• Work to be completed: Write the listing below out again in full, dropping its pictures.

• Data extract:
────────────────

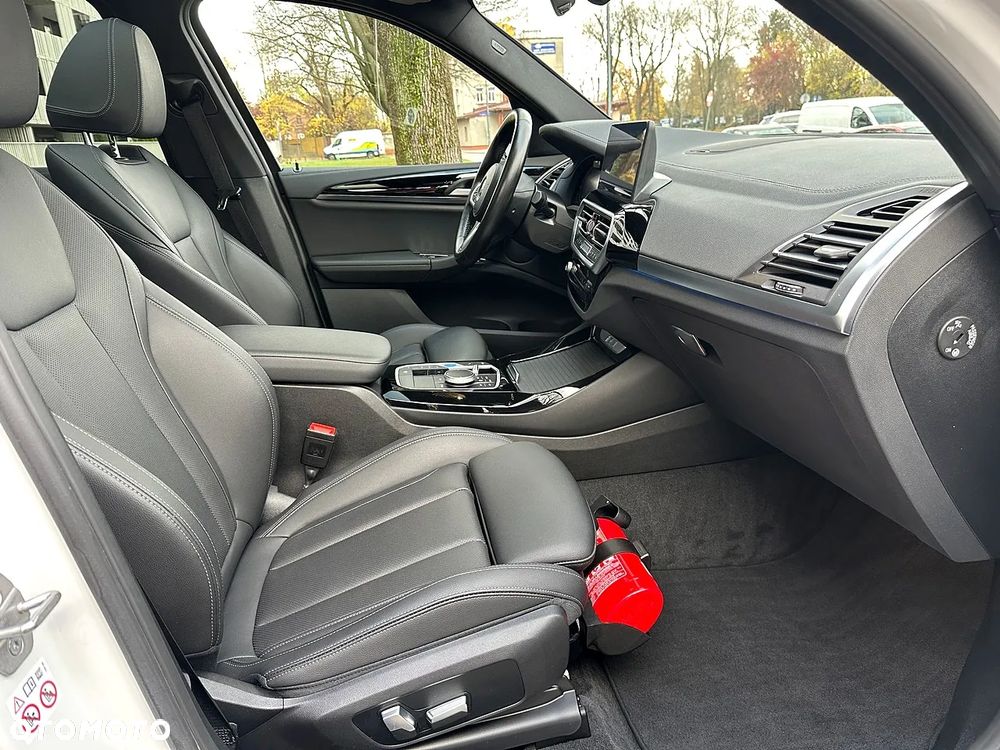 BMW iX3 80kWh Inspiring - 16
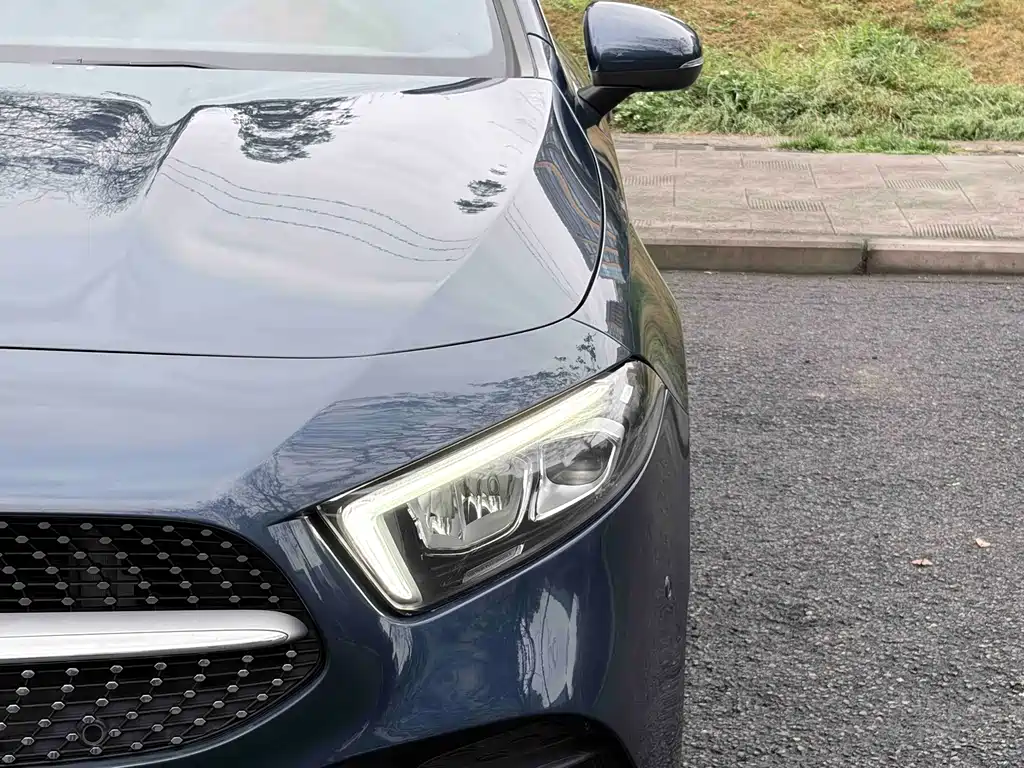 Mercedes-Benz A-Class 2019 A 200 L Sports Sedan купить на сайте DeffCars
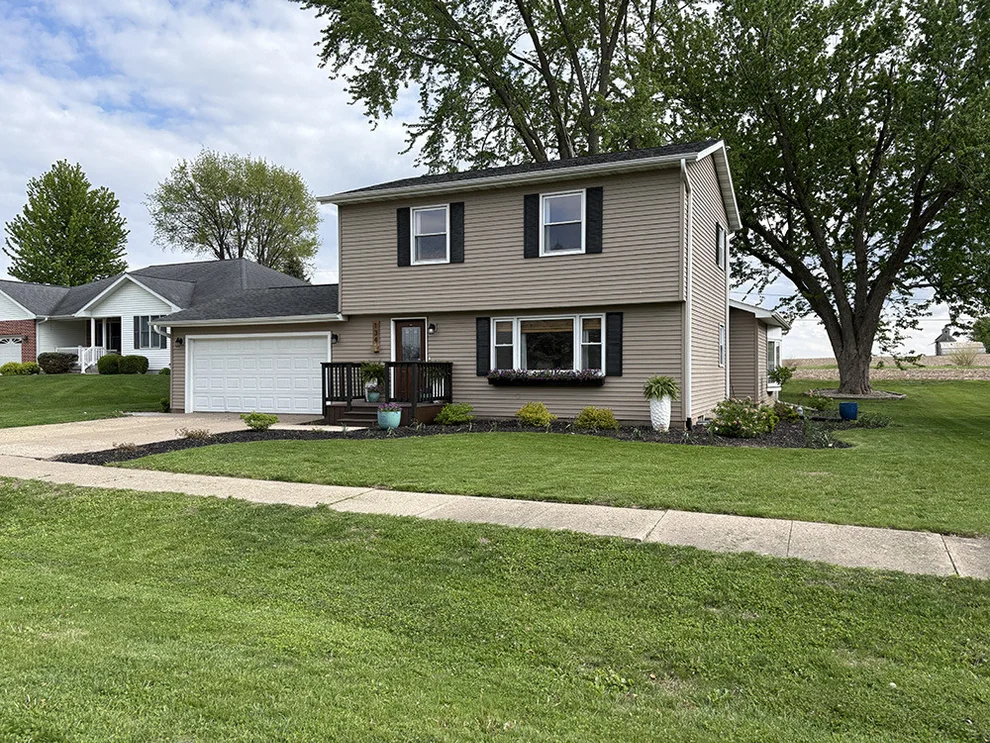 Unit for sale at 134 Riverview Drive, Albany, IL 61230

────────────────

• Response:
 BMW iX3 80kWh Inspiring - 16
 Mercedes-Benz A-Class 2019 A 200 L Sports Sedan купить на сайте DeffCars
 Unit for sale at 134 Riverview Drive, Albany, IL 61230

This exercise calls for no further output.